The event, which drew a few dozen people, was emceed by Mayor Jerry Clifton.

“I served in the military for almost 20 years. We understand that no person is dead unless you let his or her memory fade away,” Clifton said. “On Patriot Day, and every day, let's commit ourselves to remembering and saluting the courage of all Americans that made the ultimate sacrifice that day and in the days, weeks, months and years that followed.”

State Sen. David Sokola noted that the freshmen and sophomores at UD today weren’t even born on 9/11 and the juniors and seniors are too young to remember that day.

“That's why events like this are so important. Each of us, I'm sure, vowed to never forget Sept. 11, and as time marches on, we each have a responsibility to share our memories of that day with young people so we can learn from this tragedy and appreciate just how fragile our sense of safety and security can be,” Sokola said. “It is also important that we remember how the abject horror of that day quickly gave way to acts of incredible heroism, as men and women from across the country joined the rescue efforts in New York and Washington, D.C.”

He noted that first responders continue to die from health problems triggered by working at Ground Zero.

“It's important that we remember that Sept. 11 was not just one day. It continued for weeks, months and years afterward as first responders suffered lasting health effects, as we restructured government to address this new threat, and as our nation entered two wars simultaneously, one of which came to an end just a few weeks ago,” Sokola said. “It's important that we remember the servicemen who lost their lives last month, who I pray to be the final casualties of conflicts born on that late summer day 20 years ago.”

State Rep. Paul Baumbach recalled how the 9/11 attacks united Americans and the world.
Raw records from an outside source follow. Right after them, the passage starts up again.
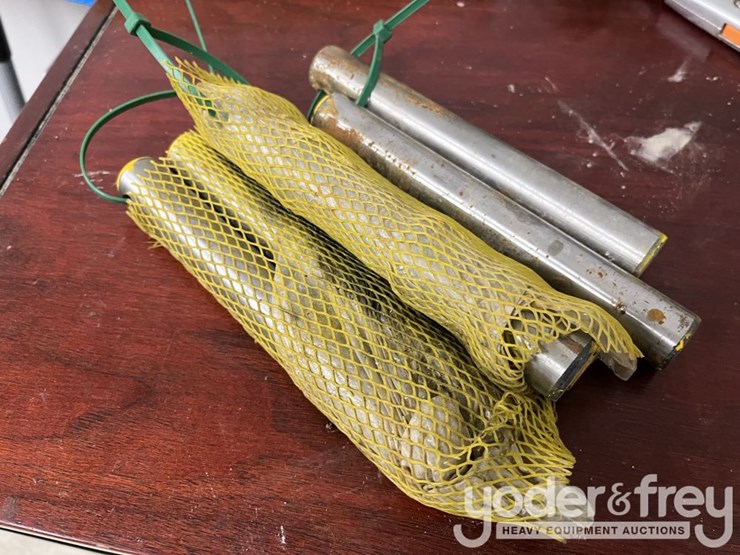 unused-landhonor-universal-bucket-pin,-25mm-x-185mm-(6-of)-image-1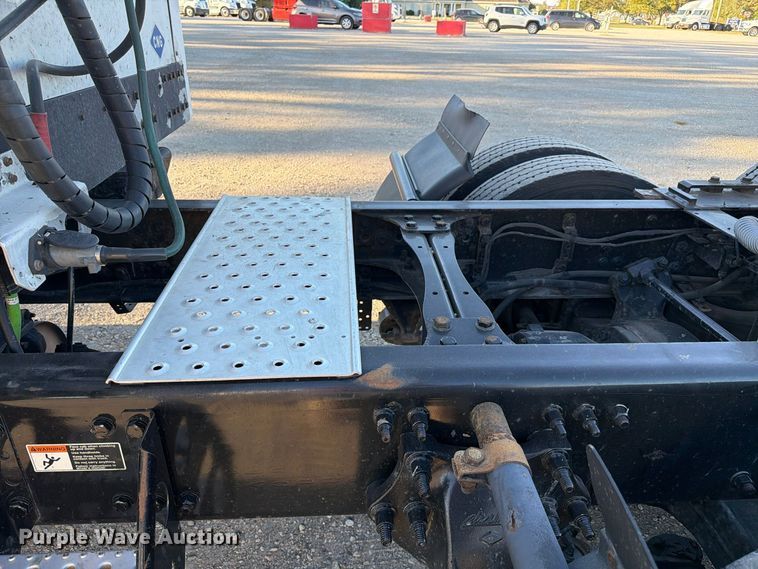 image for item FC3441 2021 Freightliner Cascadia semi truck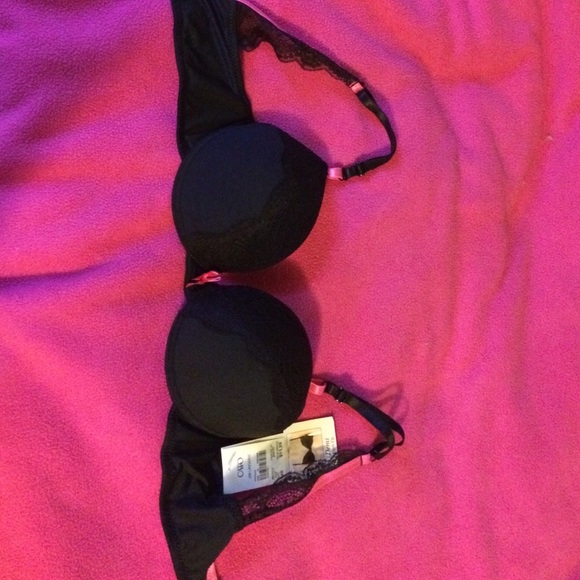 Black push up bra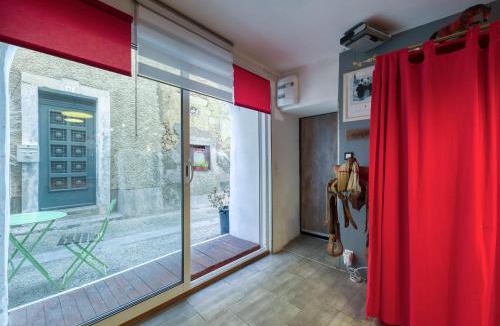 Alignan-du-Vent Apartment | Studio NEW YORK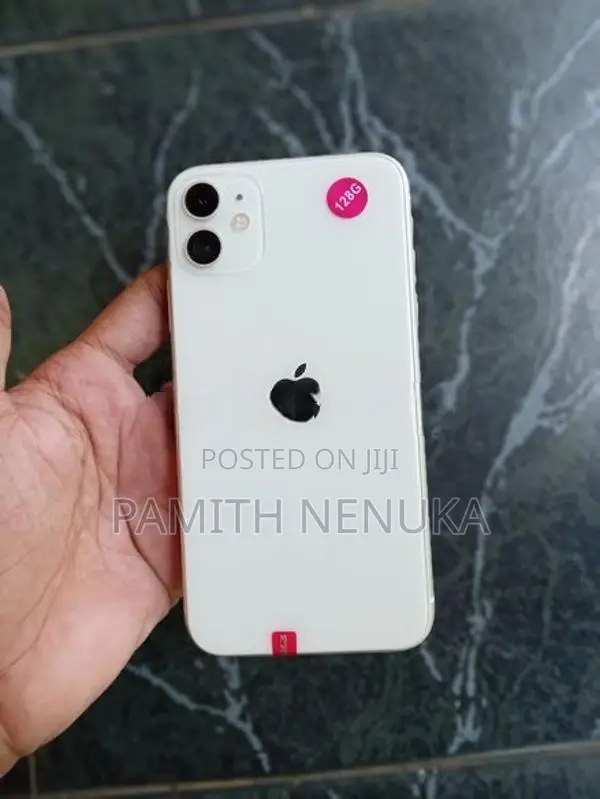 Apple iPhone 11 (Used)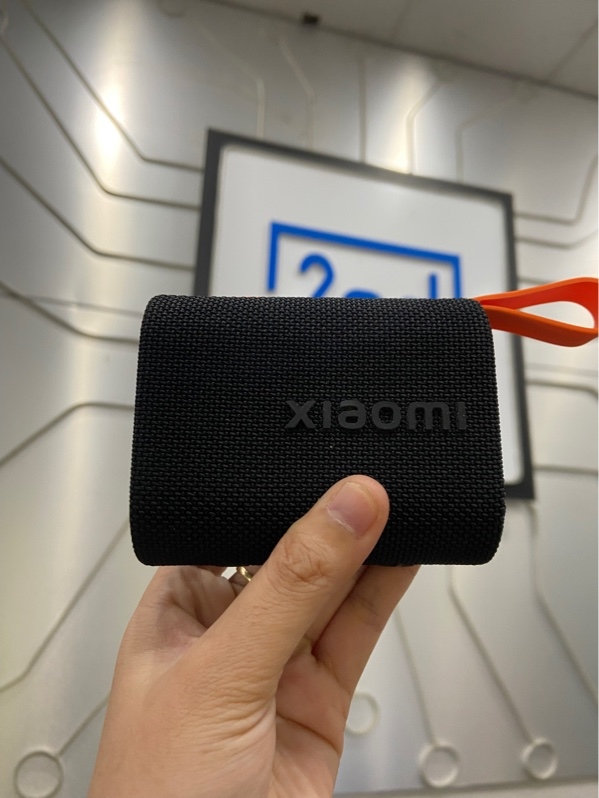 Loa Bluetooth Xiaomi Sound Pocket 5W - Màu đen - Ngoại hình: 97% - Rơi 2 chân - Kèm Box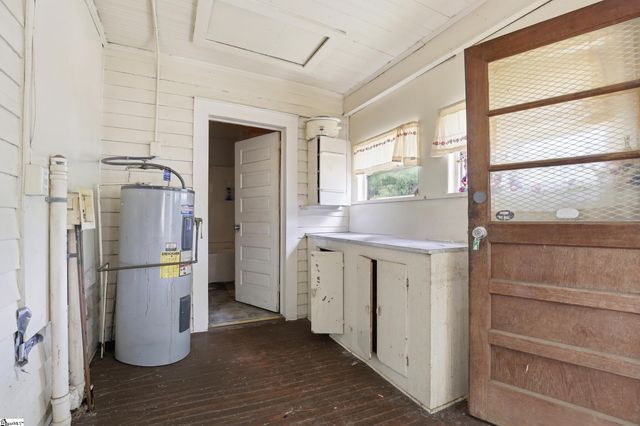 800 W W Parker Road, Greenville, SC 29611
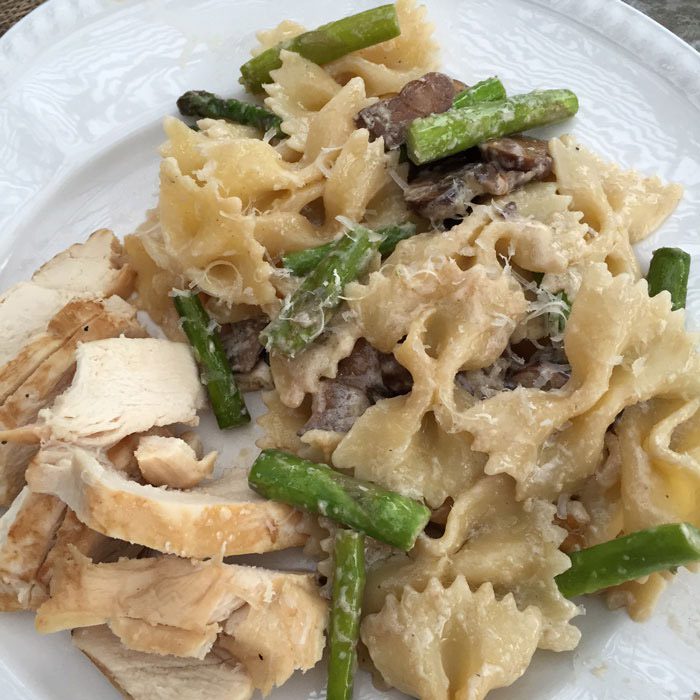 A picture of Farfalle with Asparagus, Bacon & Mushrooms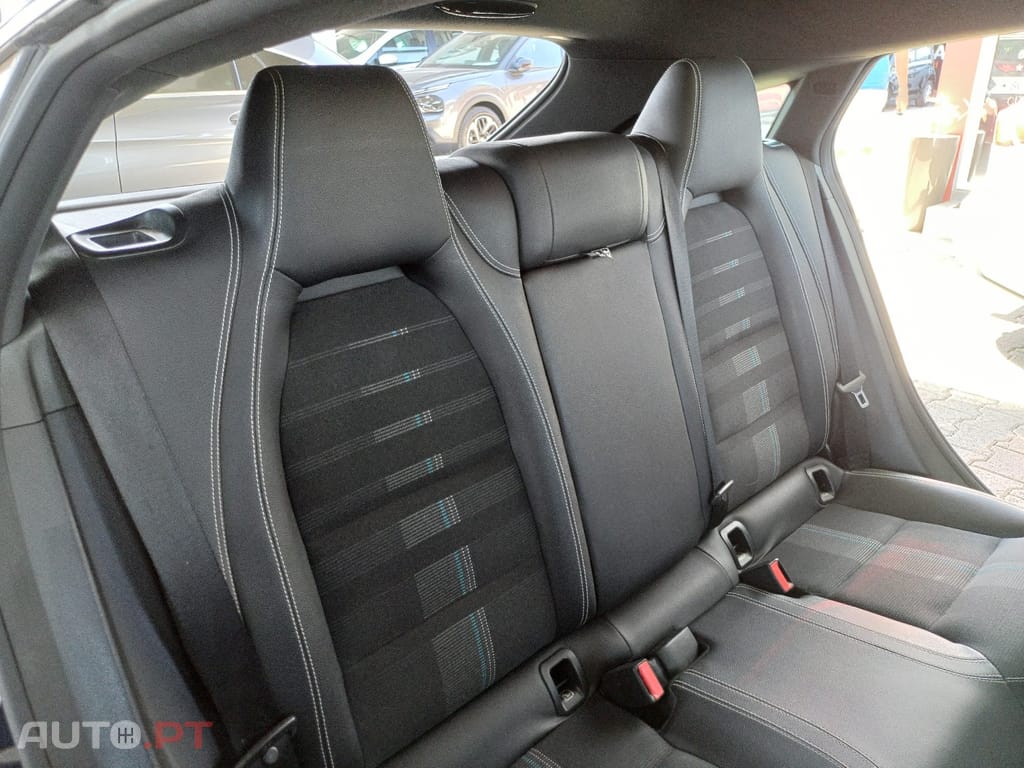 Mercedes-Benz CLA 180 d Urban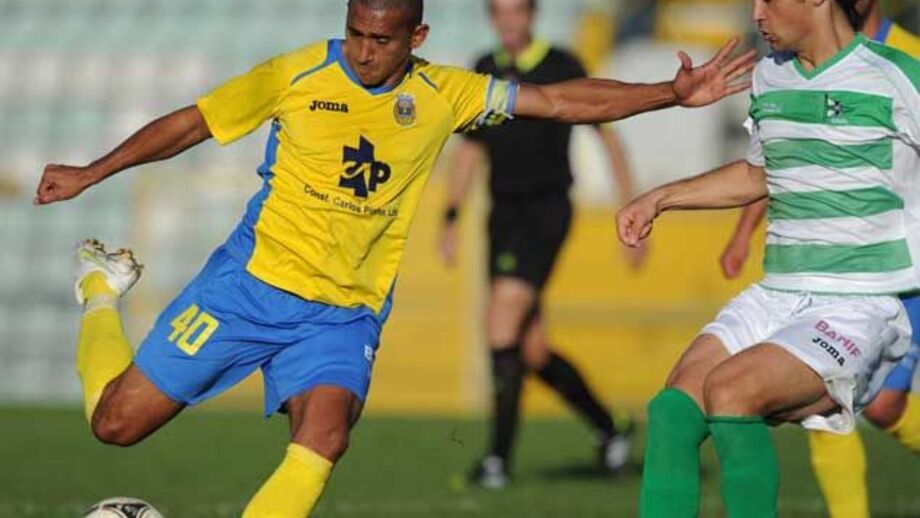 Naval-Arouca, 2-0: Triunfo construído na 1.ª parte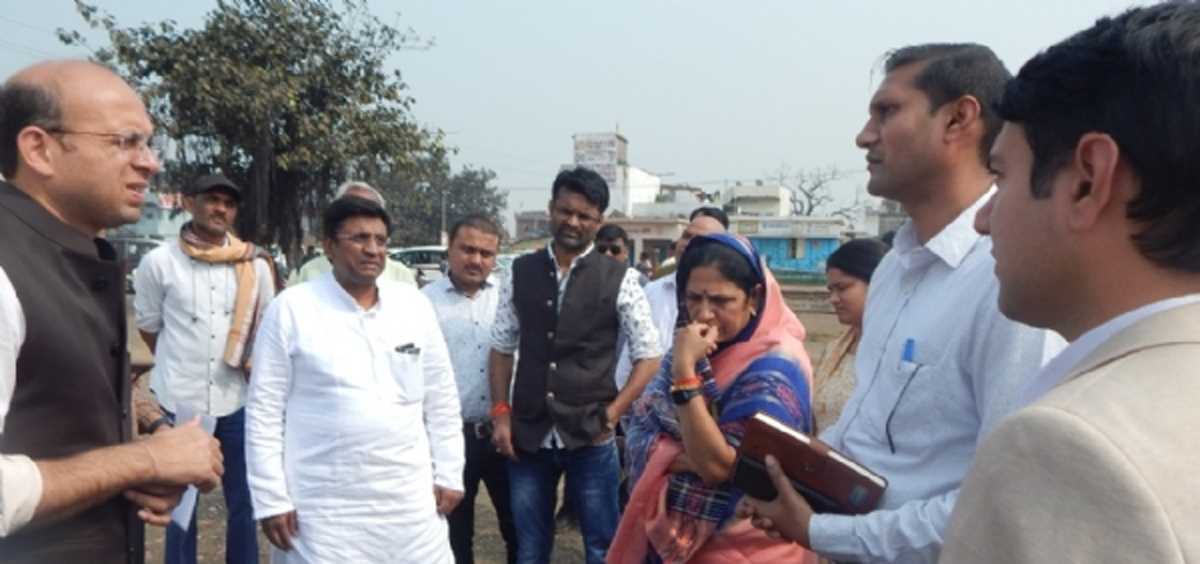 कलेक्टर ने मुख्यमंत्री प्रवास के प्रस्तावित कार्यक्रम स्थल की तैयारियों का लिया जायजा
With the country bitterly divided 20 years later, he said, it’s a good time to reflect on the legacy of 9/11.

“I would like that legacy to be a reminder that we are all one family, that an attack on one family member is an attack on all,” Baumbach said. “It showed us that it is most often when the chips are down, in the face of adversity, that we find the emergence of our better angels. We can and we must be strong together, grieve together, rebuild together and stand together.”

Lauren Simione, who now works in UD’s alumni relations department, was working as a flight attendant for United Airlines based in New York. She departed LaGuardia Airport on a flight to Denver just a half hour before the first plane hit the World Trade Center.

Simione recalled getting word of the attacks while in the air, and said her pilot could hear radio traffic of the hijackers taking over Flight 93, which later crashed in Pennsylvania when passengers fought back.

Simione’s flight diverted to Chicago, and it was hours before she could let her family know she was OK or see the television footage of what had happened.

“I definitely wasn't prepared for what I saw when we watched the videos in the crew lounge,” Simione said. “The severity of the day, the impact of the terrorist activity, and realizing all that was literally happening in the air around us earlier that day finally hit me, and I sobbed for those that died, for my fellow flight crews, for scaring my loved ones, for the first responders and all those trying to help, and for America.”

She continued to work as a flight attendant until 2003.

“My mom really hoped I would retire my wings after 9/11, but I wasn't ready to give into fear or give up what I loved,” she said.

Simione said she realizes she is one of the lucky ones.

“I know that my story is just one of a million from that day. So many Americans have such different sad endings to their stories,” she said. “So I focus on my gratefulness and do my best to carpe diem, or seize the day, with every chapter I continue to write in my life story.”